**WORK INSTRUCTIONS:** Using the entries that follow, collect the lines where the word "showcasing" appears.

Segment Start: MATERIAL SUPPLIED

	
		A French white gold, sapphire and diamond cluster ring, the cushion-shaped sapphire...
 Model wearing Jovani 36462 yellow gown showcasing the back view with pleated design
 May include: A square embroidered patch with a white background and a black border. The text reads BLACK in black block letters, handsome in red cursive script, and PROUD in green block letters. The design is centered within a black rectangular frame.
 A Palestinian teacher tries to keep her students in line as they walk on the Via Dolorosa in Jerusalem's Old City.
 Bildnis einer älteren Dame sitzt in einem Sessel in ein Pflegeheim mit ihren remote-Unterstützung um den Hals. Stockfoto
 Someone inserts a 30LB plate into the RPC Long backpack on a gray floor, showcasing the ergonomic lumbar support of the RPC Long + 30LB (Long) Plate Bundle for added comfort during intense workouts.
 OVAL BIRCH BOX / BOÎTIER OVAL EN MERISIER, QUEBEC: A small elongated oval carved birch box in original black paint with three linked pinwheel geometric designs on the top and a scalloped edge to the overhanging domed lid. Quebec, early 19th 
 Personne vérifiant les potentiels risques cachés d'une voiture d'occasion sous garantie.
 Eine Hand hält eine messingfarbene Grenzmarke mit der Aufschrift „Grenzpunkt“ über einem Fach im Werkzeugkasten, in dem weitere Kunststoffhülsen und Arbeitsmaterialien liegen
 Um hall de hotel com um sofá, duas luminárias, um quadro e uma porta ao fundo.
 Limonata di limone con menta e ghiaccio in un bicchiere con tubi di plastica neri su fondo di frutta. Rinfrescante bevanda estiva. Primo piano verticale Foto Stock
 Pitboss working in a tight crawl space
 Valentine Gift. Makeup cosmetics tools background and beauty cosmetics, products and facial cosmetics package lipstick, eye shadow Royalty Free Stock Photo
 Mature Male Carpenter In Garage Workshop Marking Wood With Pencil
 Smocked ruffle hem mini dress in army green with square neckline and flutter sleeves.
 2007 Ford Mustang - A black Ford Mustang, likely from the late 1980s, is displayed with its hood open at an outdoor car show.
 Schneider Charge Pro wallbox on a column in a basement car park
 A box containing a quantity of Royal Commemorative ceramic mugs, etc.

Segment End: MATERIAL SUPPLIED

**RESPONSE AREA:**
 Model wearing Jovani 36462 yellow gown showcasing the back view with pleated design
 Someone inserts a 30LB plate into the RPC Long backpack on a gray floor, showcasing the ergonomic lumbar support of the RPC Long + 30LB (Long) Plate Bundle for added comfort during intense workouts.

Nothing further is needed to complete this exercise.